Quantitative Sciences Unit, Department of Medicine, Stanford University, Palo Alto, California.
Division of Nephrology, Department of Medicine, Stanford University, Palo Alto, California.
Stat Med. 2019 Jul 30;38(17):3204-3220. doi: 10.1002/sim.8174. Epub 2019 May 17.

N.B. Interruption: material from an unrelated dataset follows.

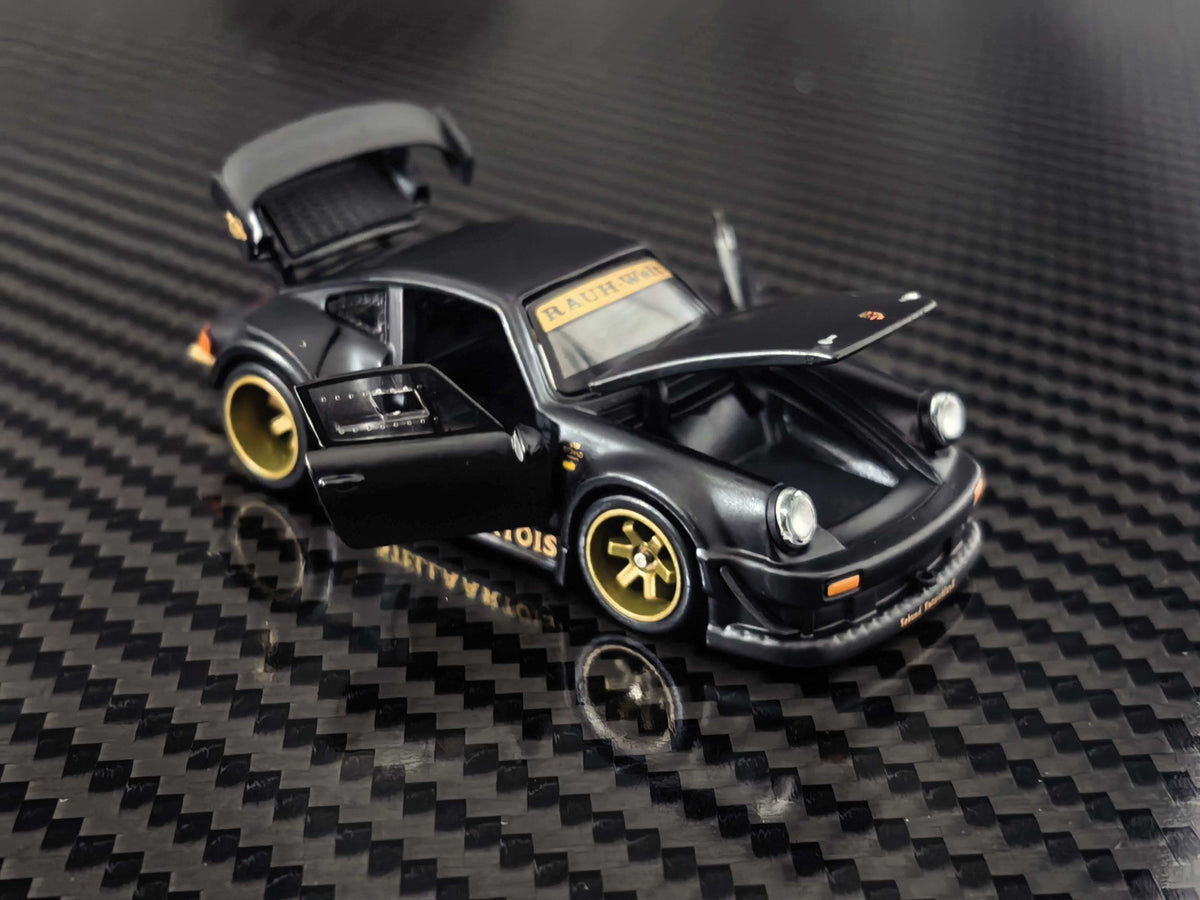 HG Model 1:64 RWB 930 Stella Artois Matte Black diecast model featuring opening front hood, side door and rear engine cover, gold wheels, widebody kit and detailed front bumper, front three-quarter view.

The treatment of missing data in comparative effectiveness studies with right-censored outcomes and time-varying covariates is challenging because of the multilevel structure of the data. In particular, the performance of an accessible method like multiple imputation (MI) under an imputation model that ignores the multilevel structure is unknown and has not been compared to complete-case (CC) and single imputation methods that are most commonly applied in this context. Through an extensive simulation study, we compared statistical properties among CC analysis, last value carried forward, mean imputation, the use of missing indicators, and MI-based approaches with and without auxiliary variables under an extended Cox model when the interest lies in characterizing relationships between non-missing time-varying exposures and right-censored outcomes. MI demonstrated favorable properties under a moderate missing-at-random condition (absolute bias <0.1) and outperformed CC and single imputation methods, even when the MI method did not account for correlated observations in the imputation model. The performance of MI decreased with increasing complexity such as when the missing data mechanism involved the exposure of interest, but was still preferred over other methods considered and performed well in the presence of strong auxiliary variables. We recommend considering MI that ignores the multilevel structure in the imputation model when data are missing in a time-varying confounder, incorporating variables associated with missingness in the MI models as well as conducting sensitivity analyses across plausible assumptions.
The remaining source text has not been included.